### Prompt
Repeat the data in full. Drop every picture.

### Data extract
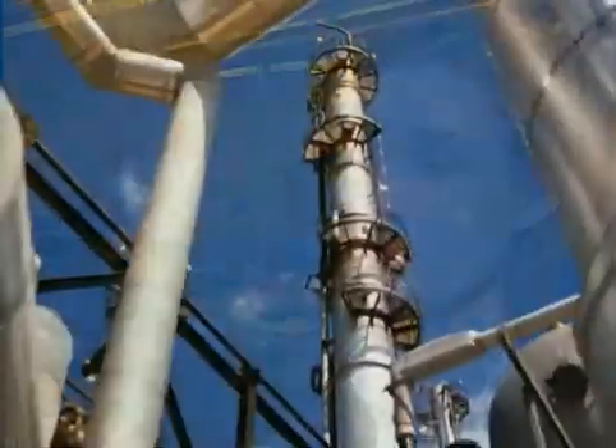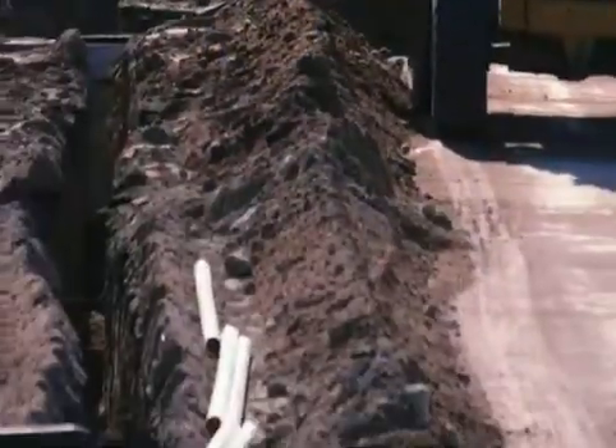Many of the pipelines that are currently in Alberta are being replaced with this nanosteel. The steel itself is not nano, but the very fine particles that are within the steel are nano, and that's what gives the steel these unique properties and makes it very well suited for transporting oil and gas.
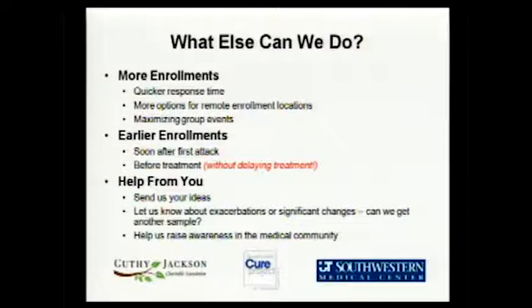Some of the things we're talking about to expand this maturity process: figuring out quicker response times and easier ways to get to you rather than the cumbersome process of getting approval to go into a doctor's office. We're working on some ideas there. Maximizing these group events — this year we are doing the blood draw over three days rather than just one, which allows us to get the kind of numbers we're going to get today.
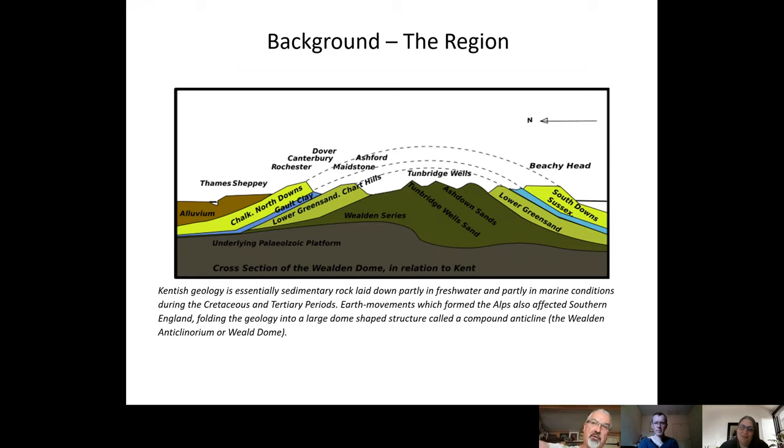A geological cross-section of Kent shows the Thames Estuary on the left and the south coast on the right. These are sedimentary rocks laid down largely in the Cretaceous period, then domed by the creation of the Alps about two million years ago, forming the Weald anticline. Because the sedimentary rocks weather differentially, the geology and hence geography runs in jagged east-west bands, making it much easier to travel east-west along geological formations than north-south — as with the modern M2, M20, and A2.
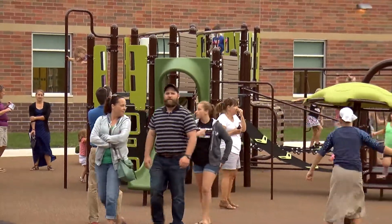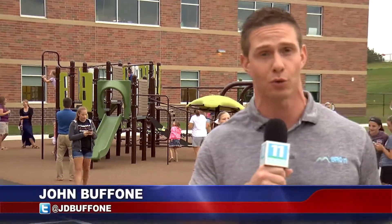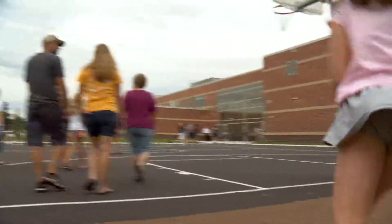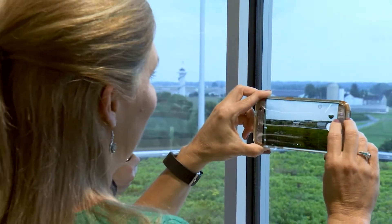From the classrooms to the cafeteria all the way to the playgrounds, the new state-of-the-art Doe Run Elementary is a school the Manheim community can be proud of. It kind of takes your breath away a little bit. When you walk in, you see all of this open space and the windows, and it's just beautiful. You see all of the things that make Manheim great.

### Written response
Many of the pipelines that are currently in Alberta are being replaced with this nanosteel. The steel itself is not nano, but the very fine particles that are within the steel are nano, and that's what gives the steel these unique properties and makes it very well suited for transporting oil and gas.
Some of the things we're talking about to expand this maturity process: figuring out quicker response times and easier ways to get to you rather than the cumbersome process of getting approval to go into a doctor's office. We're working on some ideas there. Maximizing these group events — this year we are doing the blood draw over three days rather than just one, which allows us to get the kind of numbers we're going to get today.
A geological cross-section of Kent shows the Thames Estuary on the left and the south coast on the right. These are sedimentary rocks laid down largely in the Cretaceous period, then domed by the creation of the Alps about two million years ago, forming the Weald anticline. Because the sedimentary rocks weather differentially, the geology and hence geography runs in jagged east-west bands, making it much easier to travel east-west along geological formations than north-south — as with the modern M2, M20, and A2.
From the classrooms to the cafeteria all the way to the playgrounds, the new state-of-the-art Doe Run Elementary is a school the Manheim community can be proud of. It kind of takes your breath away a little bit. When you walk in, you see all of this open space and the windows, and it's just beautiful. You see all of the things that make Manheim great.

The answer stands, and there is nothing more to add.